Nothing but the lines from the one including "Jim Hansel Over" through the last line of the entries, restated exactly, should appear in the answer; omit the pictures.

[Start of Attachment]

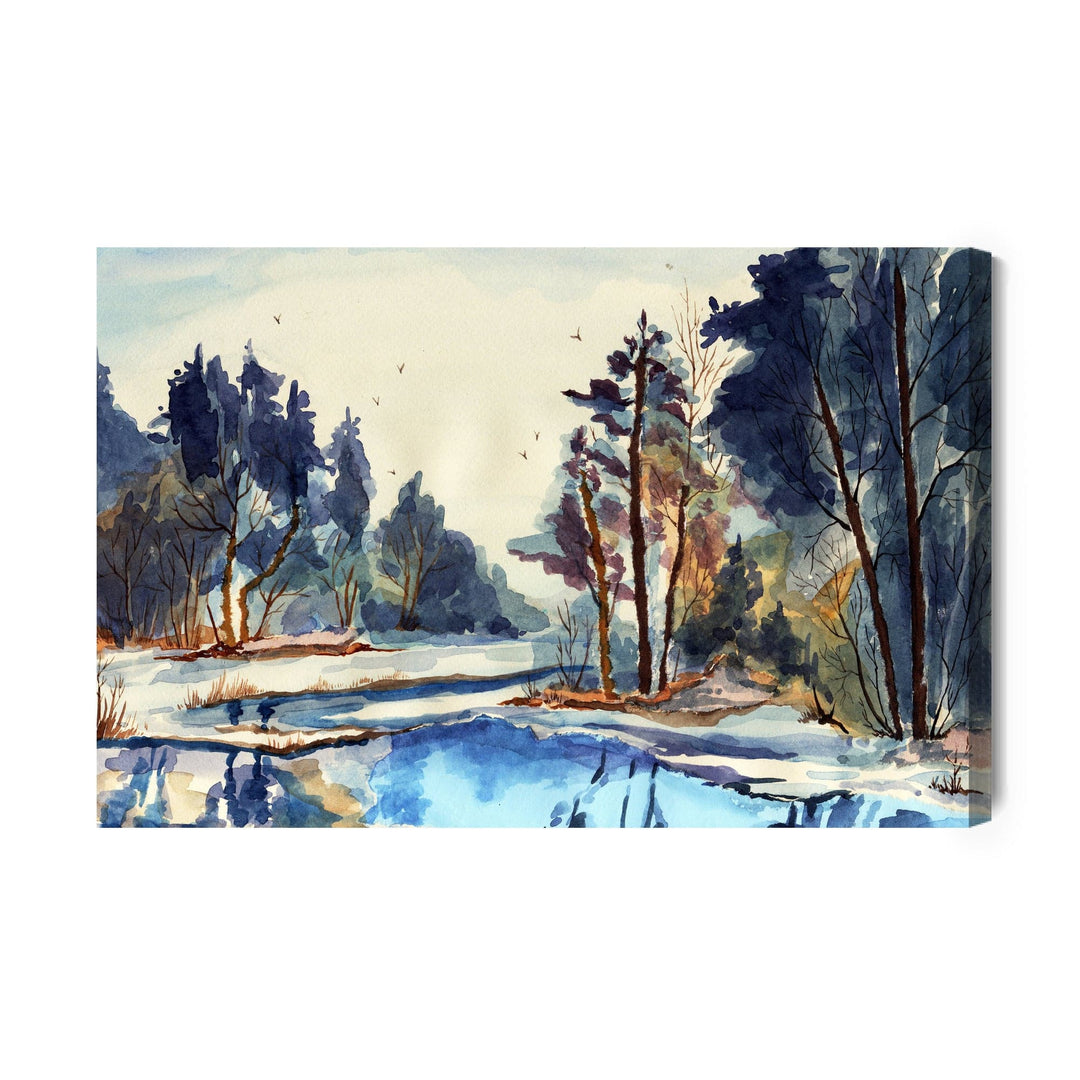 Kanva - Ziemas ainava, it kā gleznota, N-1181 X-ART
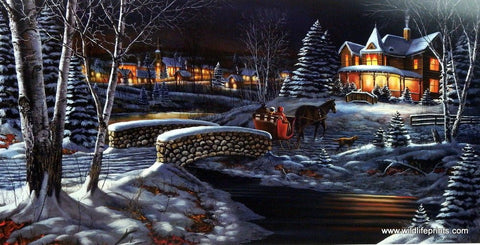 Jim Hansel Over The River - 33"x 17" Open Edition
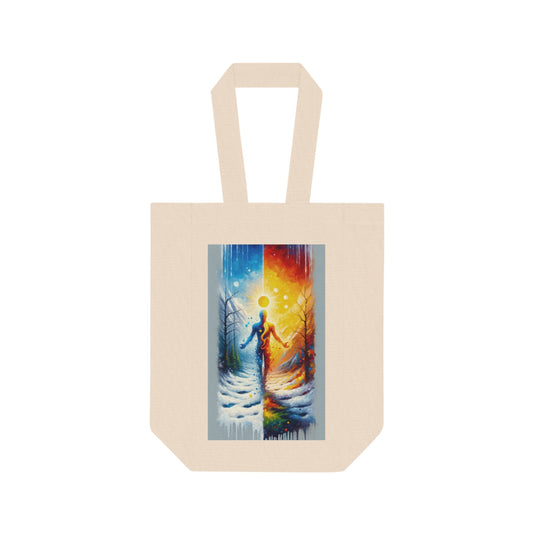 Invincible Summer Discovery Double Wine Tote Bag - ATUH.ART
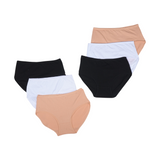 Belleza Lingerie Multi Color Brief Panty Pack Of 6-B237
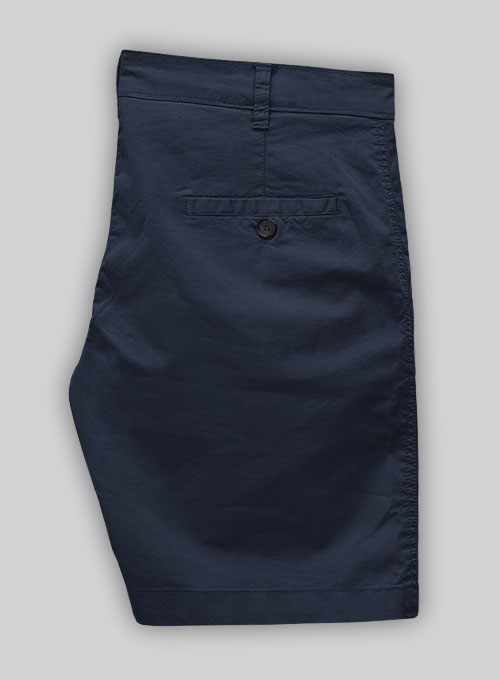 Dark Blue Stretch Summer Weight Chino Shorts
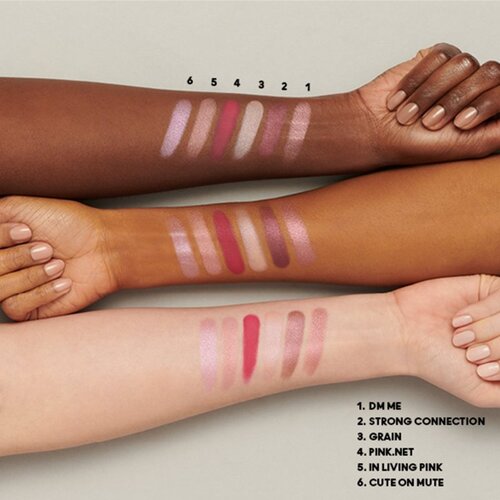 Mac Connect In Colour Eye Shadow Palette sjenilo za oči 6.25 g Nijansa rose lens Slike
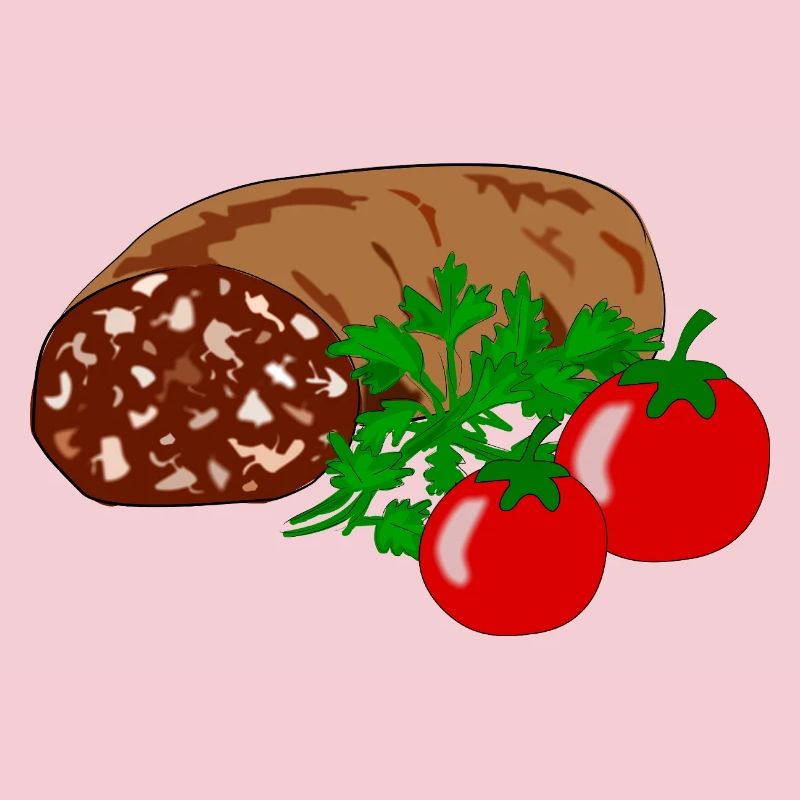 Blutwurst mit Tomate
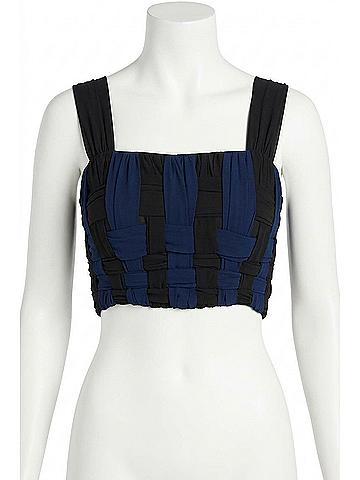 Allison Ariella Tank in Navy/Black (view 1)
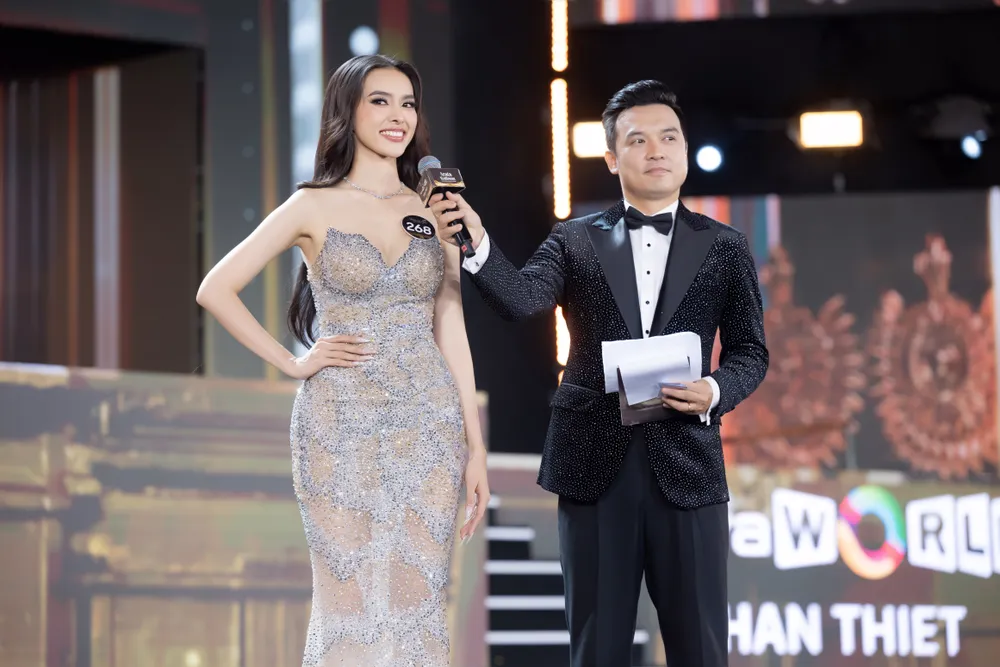 Lê Phan Hạnh Nguyên trong phần thi ứng xử miss-grand-vietnam-2024-10.jpg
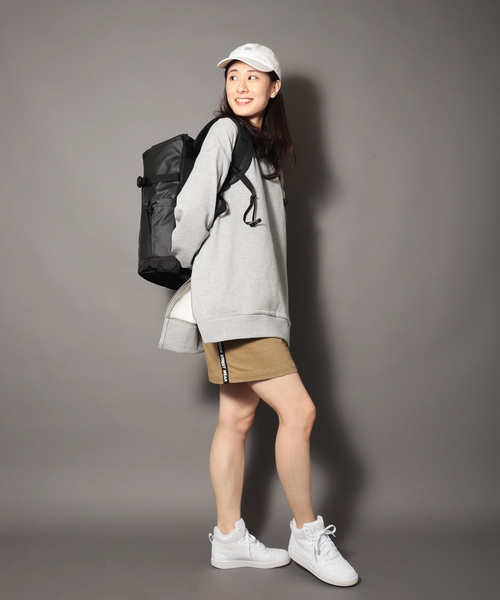 SUGGESTION（サジェッション）の「【SUGGESTION】ビッグシルエット サイドZIPクルースウェット（スウェット・メンズ・ブラック/ダークグリーン/ベージュ/ブラウン/レッド/オフホワイト/ピンク/杢グレー・M/L）」の17枚目の写真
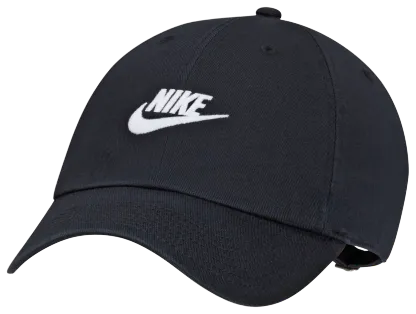 Nike Club H86 Adjustable Cap - Black/White (F5368011) - Image 2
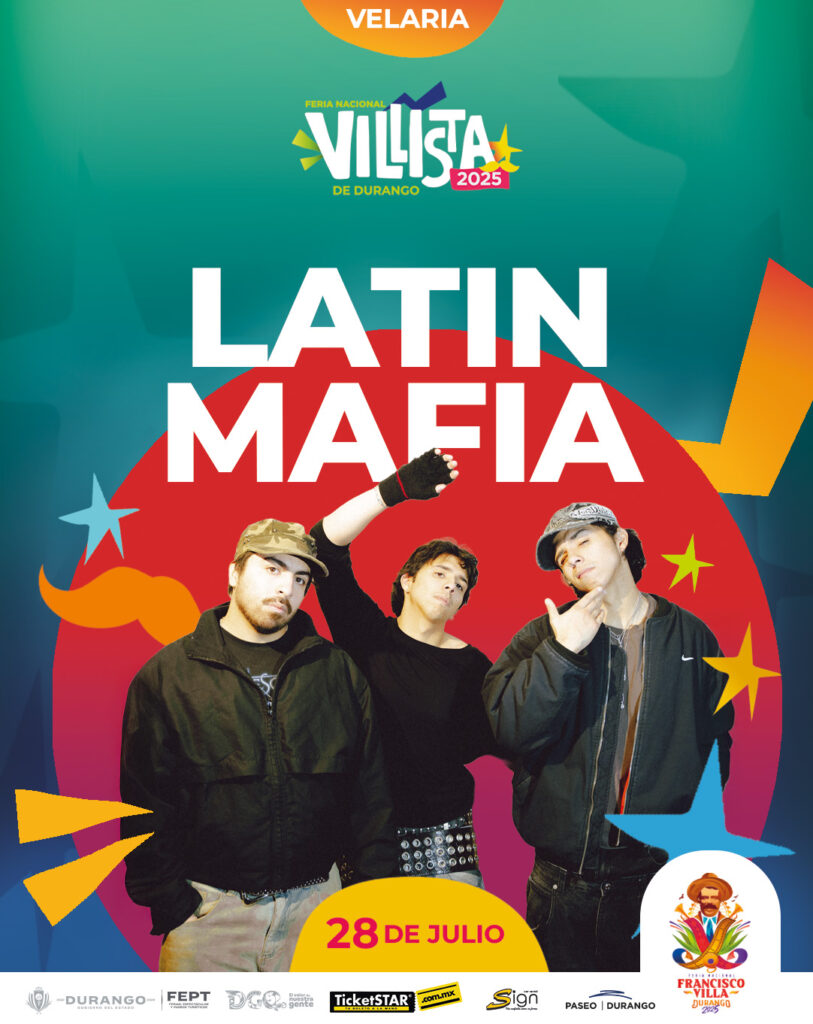 LATIN MAFIA EN DURANGO 2025 FERIA LA VILLISTA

[End of Attachment]

> Result of the exercise
 Jim Hansel Over The River - 33"x 17" Open Edition
 Invincible Summer Discovery Double Wine Tote Bag - ATUH.ART
 Belleza Lingerie Multi Color Brief Panty Pack Of 6-B237
 Dark Blue Stretch Summer Weight Chino Shorts
 Mac Connect In Colour Eye Shadow Palette sjenilo za oči 6.25 g Nijansa rose lens Slike
 Blutwurst mit Tomate
 Allison Ariella Tank in Navy/Black (view 1)
 Lê Phan Hạnh Nguyên trong phần thi ứng xử miss-grand-vietnam-2024-10.jpg
 SUGGESTION（サジェッション）の「【SUGGESTION】ビッグシルエット サイドZIPクルースウェット（スウェット・メンズ・ブラック/ダークグリーン/ベージュ/ブラウン/レッド/オフホワイト/ピンク/杢グレー・M/L）」の17枚目の写真
 Nike Club H86 Adjustable Cap - Black/White (F5368011) - Image 2
 LATIN MAFIA EN DURANGO 2025 FERIA LA VILLISTA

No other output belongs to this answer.